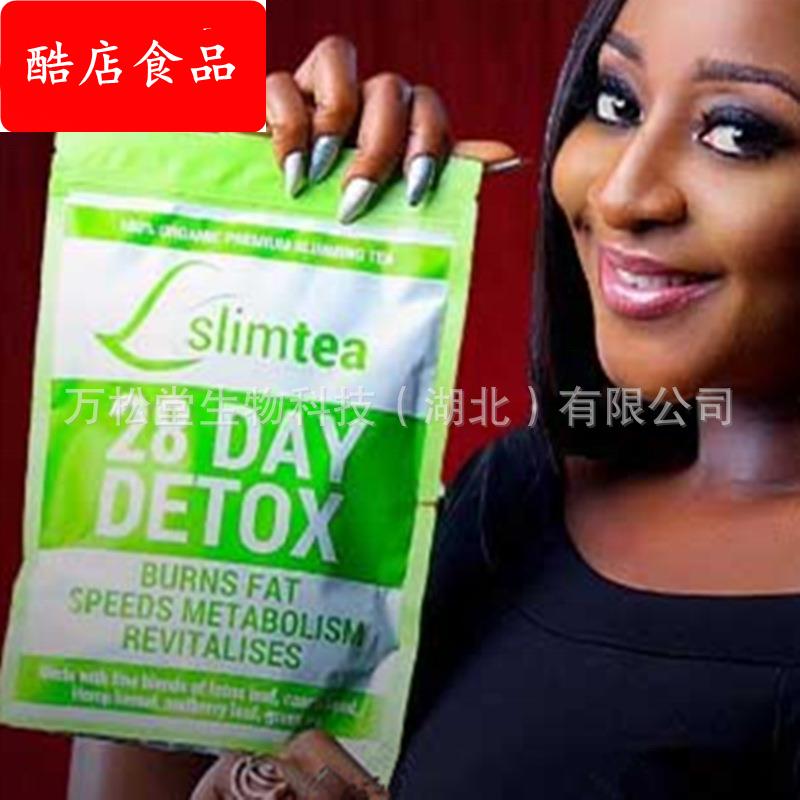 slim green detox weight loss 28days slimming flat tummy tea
--
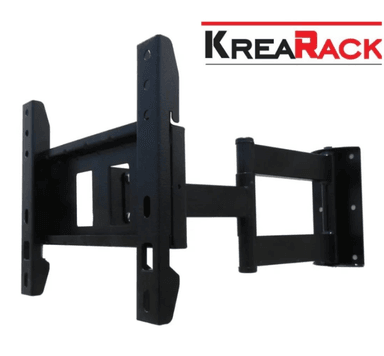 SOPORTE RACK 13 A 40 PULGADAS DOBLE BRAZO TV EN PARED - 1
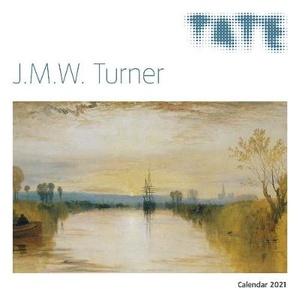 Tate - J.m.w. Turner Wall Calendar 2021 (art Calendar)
--
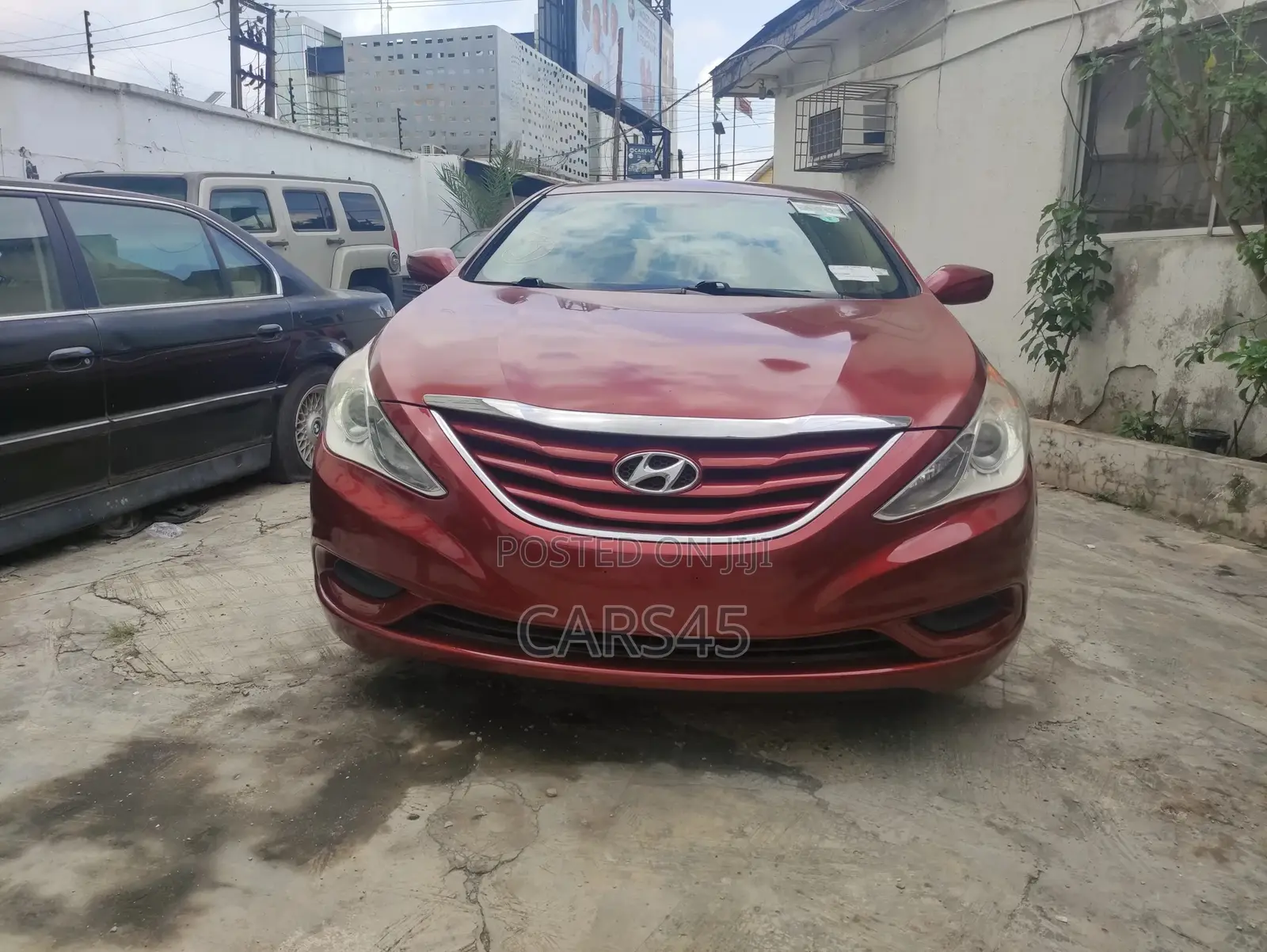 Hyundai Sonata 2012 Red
--
● **WORK TASK**:
Pictures do not belong in the answer. Return the lines above starting at the one with "SOPORTE RACK 13" and ending at the one with "Tate - J.m.w.", both kept, exactly.

● **SOLVED EXERCISE**:
 SOPORTE RACK 13 A 40 PULGADAS DOBLE BRAZO TV EN PARED - 1
 Tate - J.m.w. Turner Wall Calendar 2021 (art Calendar)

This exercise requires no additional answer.